Directions for this task
Retype exactly what appears below from the line containing "3 in 1 LED Face and Neck Massager" down to the line containing "H957 DK. PINK", keeping both end lines. Do not include pictures.

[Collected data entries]
----------

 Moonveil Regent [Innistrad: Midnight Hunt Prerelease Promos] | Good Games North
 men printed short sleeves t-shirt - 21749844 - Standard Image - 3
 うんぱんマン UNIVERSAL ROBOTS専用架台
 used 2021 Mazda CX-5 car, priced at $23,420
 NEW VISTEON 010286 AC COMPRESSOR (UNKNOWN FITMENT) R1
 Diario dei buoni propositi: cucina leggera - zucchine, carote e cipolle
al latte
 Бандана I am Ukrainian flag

----------

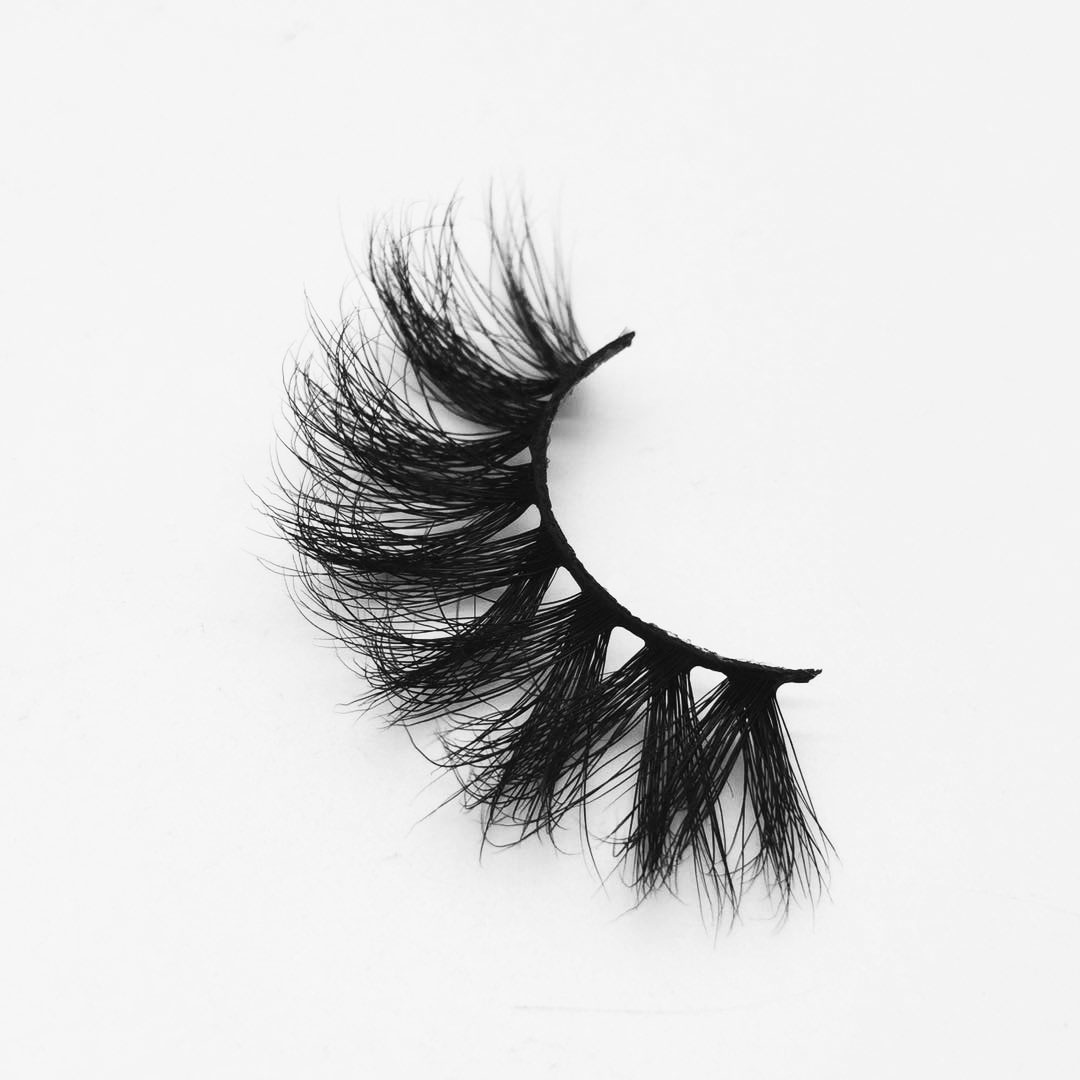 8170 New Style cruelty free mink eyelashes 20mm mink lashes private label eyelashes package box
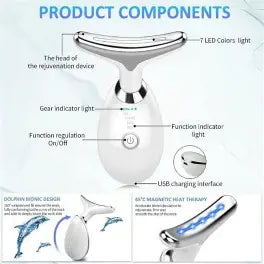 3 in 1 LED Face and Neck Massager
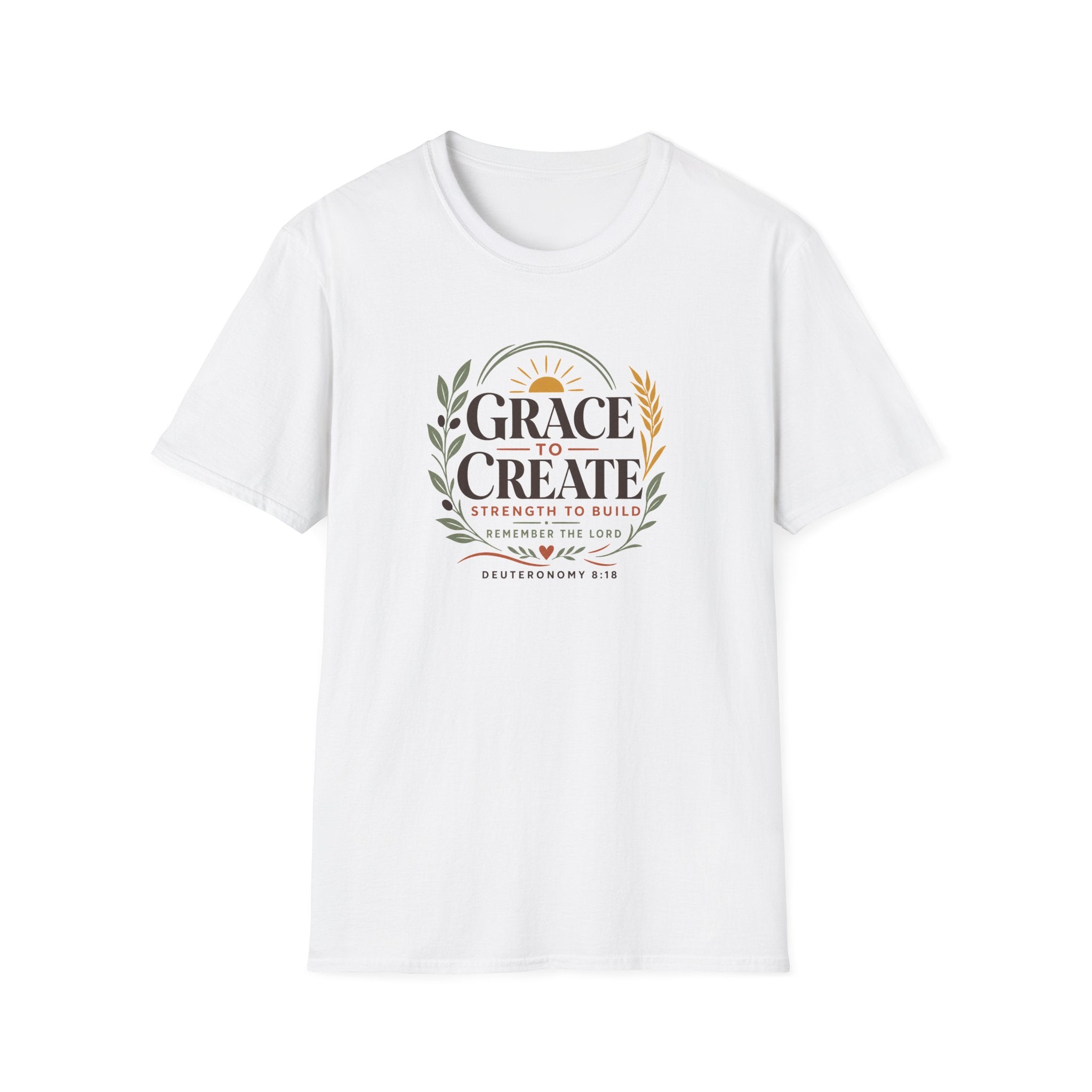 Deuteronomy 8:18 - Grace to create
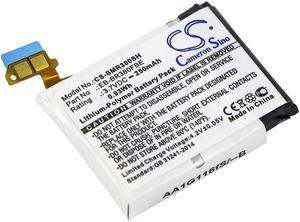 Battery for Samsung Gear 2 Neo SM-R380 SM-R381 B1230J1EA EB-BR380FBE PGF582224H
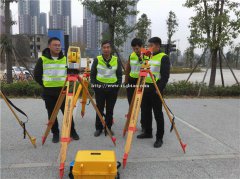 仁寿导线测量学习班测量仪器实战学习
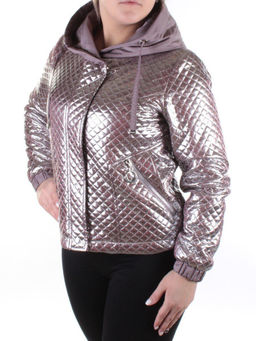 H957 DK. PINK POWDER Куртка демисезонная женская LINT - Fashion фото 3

----------

Written response
 3 in 1 LED Face and Neck Massager
 Deuteronomy 8:18 - Grace to create
 Battery for Samsung Gear 2 Neo SM-R380 SM-R381 B1230J1EA EB-BR380FBE PGF582224H
 仁寿导线测量学习班测量仪器实战学习
 H957 DK. PINK POWDER Куртка демисезонная женская LINT - Fashion фото 3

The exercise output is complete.